Scientific classification
- Kingdom: Animalia
- Phylum: Chordata
- Class: Chondrichthyes
- Subclass: Elasmobranchii
- Division: Selachii
- Order: Squaliformes
- Family: Centrophoridae
- Genus: Centrophorus
- Species: C. moluccensis
- Binomial name: Centrophorus moluccensis (Bleeker, 1860)

= Smallfin gulper shark =

- Genus: Centrophorus
- Species: moluccensis
- Authority: (Bleeker, 1860)
- Conservation status: VU

Species of shark

The smallfin gulper shark or endeavour dogfish, (Centrophorus moluccensis) is a medium-sized deepwater dogfish in the family Centrophoridae.

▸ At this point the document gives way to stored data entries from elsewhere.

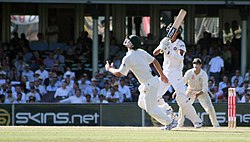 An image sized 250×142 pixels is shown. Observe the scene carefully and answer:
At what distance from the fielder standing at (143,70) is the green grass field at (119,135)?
439 millimetres

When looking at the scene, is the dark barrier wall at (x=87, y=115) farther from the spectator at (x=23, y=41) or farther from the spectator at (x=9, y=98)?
the spectator at (x=23, y=41)

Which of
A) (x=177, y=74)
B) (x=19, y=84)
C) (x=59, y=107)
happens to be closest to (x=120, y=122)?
(x=59, y=107)

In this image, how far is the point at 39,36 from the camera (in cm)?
3005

==Physical characteristics==
The smallfin gulper has no anal fin, two dorsal fins with spines, long free rear tips on pectoral fins, and a deeply notched caudal fin. Its maximum length is 98 cm.

==Distribution==
The smallfin gulper is found in the western Indian Ocean off South Africa and Mozambique, and the western Pacific off Honshū, Japan, Indonesia, New Hebrides, New Caledonia, and Australia. The Australian populations are regarded as near threatened in the Eastern and least concern in the Western populations.

==Habits and habitat==
Smallfin gulpers are common deepwater sharks. They live near the bottom between 130 m and 820 m. They are ovoviviparous and have two pups per litter. Their diets are primarily bony fish, but also other sharks, molluscs, crustaceans, and even tunicates are consumed.